True Stacklessness: The work queue enables cooperative multitasking—execution can yield at any point
Deterministic State: All execution state is explicit (workQueue, evalStack, activationStack)
Simpler Debugging: Single-stepping through a flat loop
No Stack Overflow: Deep recursion won't crash the Nim interpreter
Stack Reification: The entire Harding call stack is accessible as data

Quick Primitives

Quick Primitives provide special-case optimizations for common operations:

Inline arithmetic/tagged value operations: Direct dispatch for +, -, *, / on small integers
Specialized work frames: Fast-path frames for frequently executed primitives
Avoid activation creation: Primitive results are pushed directly to eval stack

Quick Primitives bypass normal method dispatch and activation creation for performance-critical operations:

# Normal message send: creates activation, executes method body
3 + 4  -> MIC cache hit -> method lookup -> activation -> return value

# Quick primitive: tagged value dispatch, no activation
primitiveQuickPlus(3, 4) -> tagged arithmetic -> push 7 to eval stack

Work Frame Pooling

To reduce garbage collection pressure for ARC/ORC memory management, Harding uses a work frame pool:

Frames are recycled instead of allocated for each operation
Pool size: 64 frames (default)
Reduces GC overhead by ~30% for tight loops

The pool is bypassed when:

Frame count exceeds pool size (fallback to allocation)
ARC is disabled (traditional GC)

ARC Memory Management

Harding is compatible with Nim's ARC (Automatic Reference Counting) and ORC (ARC with cycle collection):

Keep-alive registries: Raw pointers to Nim refs must be registered to prevent premature collection
.acyclic. pragmas: Types involved in cross-thread references marked to prevent cycle detection crashes
Closure elimination: Callbacks use raw pointers instead of closures to prevent ORC tracking issues

Keep-Alive Registries:

blockNodeRegistry in types.nim - for BlockNodes
processProxies in scheduler.nim - for ProcessProxy
schedulerProxies in scheduler.nim - for SchedulerProxy
monitorProxies in scheduler.nim - for MonitorProxy
sharedQueueProxies in scheduler.nim - for SharedQueueProxy
semaphoreProxies in scheduler.nim - for SemaphoreProxy
globalTableProxies in vm.nim - for GlobalTableProxy

Exception Handling with Signal Point Preservation

Harding uses Smalltalk-style exception handling that preserves the signal point for resumable exceptions (introduced in v0.6.0).

How It Works

on:do: Primitive: Schedules three work frames: [pushHandler][evalBlock][popHandler]
Handler Installation: wfPushHandler creates an ExceptionHandler record with saved depths:
- stackDepth: Activation stack depth
- workQueueDepth: Work queue depth
- evalStackDepth: Evaluation stack depth
- protectedBlock: Reference to the protected block (for retry)
Exception Signaling: primitiveSignalImpl creates an ExceptionContext capturing the full signal point state, then truncates the work queue and eval stack to the handler's checkpoint while keeping activation records available for debugging/resume:
- Creates ExceptionContext with activation stack snapshot, work queue depth, eval stack depth
- Truncates work queue to handler's saved depth
- Truncates eval stack to handler's saved depth
- Preserves activation records and clears transient return markers above the handler
Handler Execution: Schedules handler block with exception as argument
Cleanup: wfPopHandler removes handler when block completes normally

Resumable Exception Actions

The preserved ExceptionContext enables Smalltalk-style handler actions:

resume / resume: value: Restores the signal point work queue and activation stack from the ExceptionContext, then continues execution.

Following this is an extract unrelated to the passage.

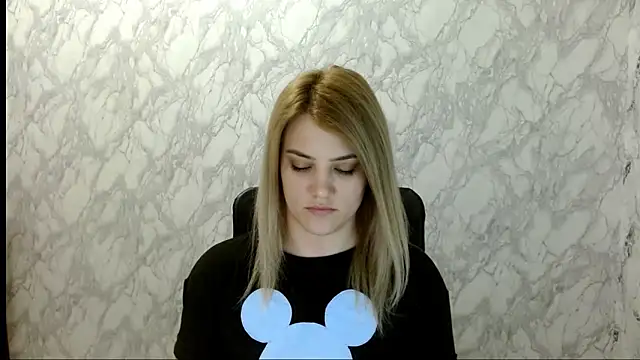 Snapshot of nika_gold1 chatting on February 10, 5:06 pm nika gold1 online show from February 10, 5:06 pm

The signal expression returns nil or the provided value.
retry: Rewinds to the handler install point and re-executes the protected block.
pass: Delegates to the next outer matching handler.
return: value: Returns value from the on:do: expression, unwinding the handler.

Key Characteristics

Advantages:

Stackless: No native stack unwinding—exceptions work with green threads
Predictable: VM state is explicitly restored to known checkpoint
Debuggable: Original activation records still exist (not destroyed)
Composable: Multiple handlers can be nested

Trade-offs:

Frames above the handler are truncated, but preserved in ExceptionContext for resume
Non-resumable handlers discard the ExceptionContext after use
Stack traces show handler installation point for non-resumed exceptions

Example: Exception Handling Flow

# Harding code
[
    "outer" printLine.
    Error signal: "Something went wrong"
] on: Error do: [:ex |
    "Caught: " & ex message printLine
]

Execution flow:

wfPushHandler creates handler at depth 0
Block evaluation starts, prints "outer"
Error signal: creates exception instance
primitiveSignalImpl finds handler, truncates to saved depth
Handler block receives exception, prints "Caught: Something went wrong"
wfPopHandler removes handler

Core Types

NodeValue

Wrapper for all Harding values using a case variant:

type
  ValueKind* = enum
    vkInt, vkFloat, vkString, vkSymbol, vkBool, vkNil, vkBlock,
    vkArray, vkTable, vkClass, vkInstance

  NodeValue* = object
    case kind*: ValueKind
    of vkInt: intVal*: int64
    of vkFloat: floatVal*: float64
    of vkString: strVal*: string
    of vkSymbol: symVal*: string
    of vkBool: boolVal*: bool
    of vkNil: discard
    of vkBlock: blockVal*: BlockNode
    of vkArray: arrayVal*: seq[NodeValue]
    of vkTable: tableVal*: Table[NodeValue, NodeValue]
    of vkClass: classVal*: Class
    of vkInstance: instVal*: Instance

Instance

Represents a class instance:

type
  InstanceObj = object
    class*: Class
    slots*: seq[NodeValue]        # Indexed slots (slots)
    properties*: Table[string, NodeValue]  # Dynamic properties

  Instance* = ref InstanceObj

Class

Represents a class definition:

type
  ClassObj = object
    name*: string
    superclass*: Class
    parents*: seq[Class]          # Multiple inheritance
    methods*: Table[string, Method]
    allMethods*: Table[string, Method]  # Merged method table (own + inherited)
    slotsDefinition*: seq[string] # Slot names
    version*: int                 # Incremented on method changes (cache invalidation)
    methodsDirty*: bool           # Lazy rebuilding flag

  Class* = ref ClassObj

BlockNode

Represents a block (closure):

type
  BlockNode = ref object
    params*: seq[string]
    temporaries*: seq[string]
    body*: seq[Node]
    env*: Environment            # Captured environment

Method Dispatch

Method Lookup

The VM implements the full method dispatch chain via lookupMethod:

Direct lookup - Check method on receiver's class
Direct parent lookup - Check each parent class directly
Inherited lookup - Check superclass chain
Parent inheritance lookup - Check superclass chain of each parent
doesNotUnderstand: - Fallback when method is not found

Monomorphic Inline Cache (MIC) and Polymorphic Inline Cache (PIC)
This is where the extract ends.